(SUPPLIED RECORDS Opens)

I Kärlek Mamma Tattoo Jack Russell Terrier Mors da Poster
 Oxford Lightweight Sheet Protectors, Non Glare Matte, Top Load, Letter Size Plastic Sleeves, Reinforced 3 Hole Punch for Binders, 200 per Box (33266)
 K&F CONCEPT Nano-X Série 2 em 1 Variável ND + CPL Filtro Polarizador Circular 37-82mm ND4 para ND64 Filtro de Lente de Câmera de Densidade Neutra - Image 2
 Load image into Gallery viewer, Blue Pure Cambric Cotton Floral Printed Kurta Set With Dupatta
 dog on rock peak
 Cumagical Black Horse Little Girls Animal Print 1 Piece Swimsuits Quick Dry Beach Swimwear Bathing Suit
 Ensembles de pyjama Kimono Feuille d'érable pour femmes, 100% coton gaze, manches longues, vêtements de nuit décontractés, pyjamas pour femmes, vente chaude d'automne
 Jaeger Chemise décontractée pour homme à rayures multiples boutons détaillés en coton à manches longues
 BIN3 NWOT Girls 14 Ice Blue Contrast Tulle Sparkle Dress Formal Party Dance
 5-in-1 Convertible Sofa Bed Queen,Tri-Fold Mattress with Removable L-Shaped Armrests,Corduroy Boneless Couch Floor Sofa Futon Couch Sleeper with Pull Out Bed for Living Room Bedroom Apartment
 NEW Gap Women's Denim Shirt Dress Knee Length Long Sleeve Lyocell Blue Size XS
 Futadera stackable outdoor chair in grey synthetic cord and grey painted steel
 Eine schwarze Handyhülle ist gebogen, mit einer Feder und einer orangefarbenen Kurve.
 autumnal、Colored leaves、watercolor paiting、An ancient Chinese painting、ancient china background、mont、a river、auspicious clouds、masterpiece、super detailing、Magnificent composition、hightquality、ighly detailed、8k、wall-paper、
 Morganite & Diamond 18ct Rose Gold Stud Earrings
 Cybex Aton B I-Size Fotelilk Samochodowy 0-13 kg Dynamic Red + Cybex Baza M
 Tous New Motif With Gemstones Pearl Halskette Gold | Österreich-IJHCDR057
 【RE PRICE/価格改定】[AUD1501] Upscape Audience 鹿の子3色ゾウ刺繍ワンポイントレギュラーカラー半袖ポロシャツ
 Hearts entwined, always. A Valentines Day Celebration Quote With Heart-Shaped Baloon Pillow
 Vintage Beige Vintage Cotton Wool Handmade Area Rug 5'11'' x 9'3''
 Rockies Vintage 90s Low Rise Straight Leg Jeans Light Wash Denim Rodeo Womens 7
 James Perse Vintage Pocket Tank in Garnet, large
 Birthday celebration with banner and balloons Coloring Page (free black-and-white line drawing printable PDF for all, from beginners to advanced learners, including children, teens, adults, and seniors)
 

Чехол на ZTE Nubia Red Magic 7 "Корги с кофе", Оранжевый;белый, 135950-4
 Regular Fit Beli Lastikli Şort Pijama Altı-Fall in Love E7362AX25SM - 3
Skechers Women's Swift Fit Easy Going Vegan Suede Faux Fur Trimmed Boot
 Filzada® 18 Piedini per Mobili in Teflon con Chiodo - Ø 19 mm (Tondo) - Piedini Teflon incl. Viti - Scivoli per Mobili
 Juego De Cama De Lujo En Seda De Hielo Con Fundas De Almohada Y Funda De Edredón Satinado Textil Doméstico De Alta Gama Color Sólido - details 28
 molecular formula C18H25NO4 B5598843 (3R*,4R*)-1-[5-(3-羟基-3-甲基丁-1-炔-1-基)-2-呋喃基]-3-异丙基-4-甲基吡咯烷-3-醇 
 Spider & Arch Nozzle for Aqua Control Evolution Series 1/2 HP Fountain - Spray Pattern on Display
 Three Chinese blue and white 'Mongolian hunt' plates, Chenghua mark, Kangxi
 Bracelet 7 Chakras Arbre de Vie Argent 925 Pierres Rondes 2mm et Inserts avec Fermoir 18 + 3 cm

(SUPPLIED RECORDS Closes)

Look above for lines with the word "Dress" and copy them all.

● PROBLEM SOLUTION
 BIN3 NWOT Girls 14 Ice Blue Contrast Tulle Sparkle Dress Formal Party Dance
 NEW Gap Women's Denim Shirt Dress Knee Length Long Sleeve Lyocell Blue Size XS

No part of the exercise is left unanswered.